TRY NOT TO BURN YOUR RESTAURANT DOWN

I took a $10-per-hour pay cut to work at La Palette. That’s how badly I wanted to work there. It was a ragtag team with only three cooks on weekends and two during the week, and if you were lucky you had one dishwasher during your shift who was typically one of your buddies doing it for beer money. This cook named Ben was supposed to show me the ropes. He asked me if I knew how to make soup. I asked him what kind of soup. He told me that they needed a soup of the day, so any kind. I know how to make soup, you fucking idiot. I just spent the last three years of my life working at one of the best French restaurants in Canada, you hippie fucking loser.

Mike Harrington, one of the chefs at Le Sélect, and Shamez Amlani, one of the bar managers, both left Le Sélect to open La Palette before I started. All I heard about them is that they opened up this bohemian, punk, magical bistro in Kensington Market. One story was that they had in the vast, deep, dark belly of Le Sélect, in the wine cellar, a cigar box full of magic mushrooms that they would dose each other with constantly. I always tried to look for it when I was working or to see if they forgot about a few of them. Who knows if it was true. All I knew is that I wanted to work for these guys one day.
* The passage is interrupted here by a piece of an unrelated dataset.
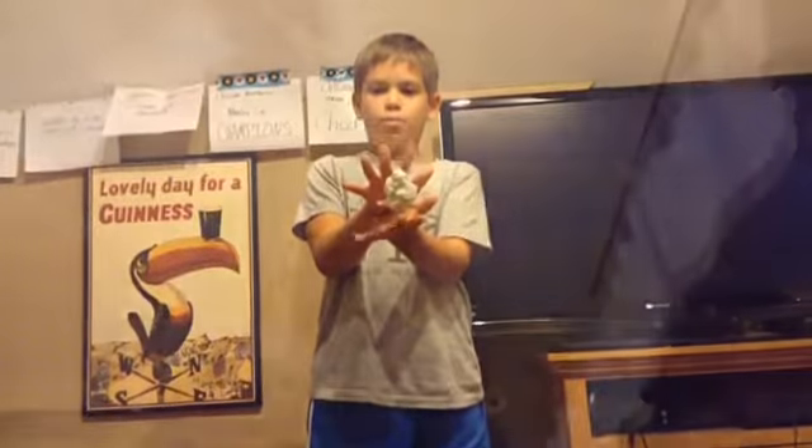Trick number one: the floating piece of paper. All you need is a pen or a pencil and a crumbled piece of paper. What you're doing is putting the pen or pencil in the crumbled piece of paper and then positioning your hand like this, which makes it look like it's floating. You can't see the pencil there, but when you move your hand like that, you can.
Unfortunately, Mike left before I started there to open La Palette in Mexico—a bed and breakfast. I didn’t meet him until my last year at the restaurant. During my time at La Palette, Shamez was my boss. He was emotional in the best and worst ways. He loved you, and he would take care of you, shower you in absinthe and vintage punk records; then he would verbally assault you if you ran out of one single slice of Morbier for the cheese plate.

Shamez stood up for himself and what he believed in. Before bike lanes were a civic issue, he and his merry men and women would be out on the streets, in ski masks, spray painting bike lanes around downtown Toronto and trying to get the lanes officially adopted. He started what became Pedestrian Sundays in Kensington Market. I enjoyed working for him. Every year Shamez would get a car from the dump, paint it white, leave it in front of the restaurant for a week for the neighbors and anyone visiting Kensington Market to sign, and then march it to the front of city hall as an act of protest. One time, when we were drunk and in the restaurant’s patio late at night, Shamez pulled up in the annual car and stood on the hood, yelling about how much he hated them. Shamez was an anti-car man. My buddies and I ran up to the car and started hitting it. I punched through the window and blood started squirting out of my forearm. I went to the basement of La Palette, pulled out as much glass as I could, and taped it up with duct tape. I think that was on Trish’s birthday. I love you, Trish.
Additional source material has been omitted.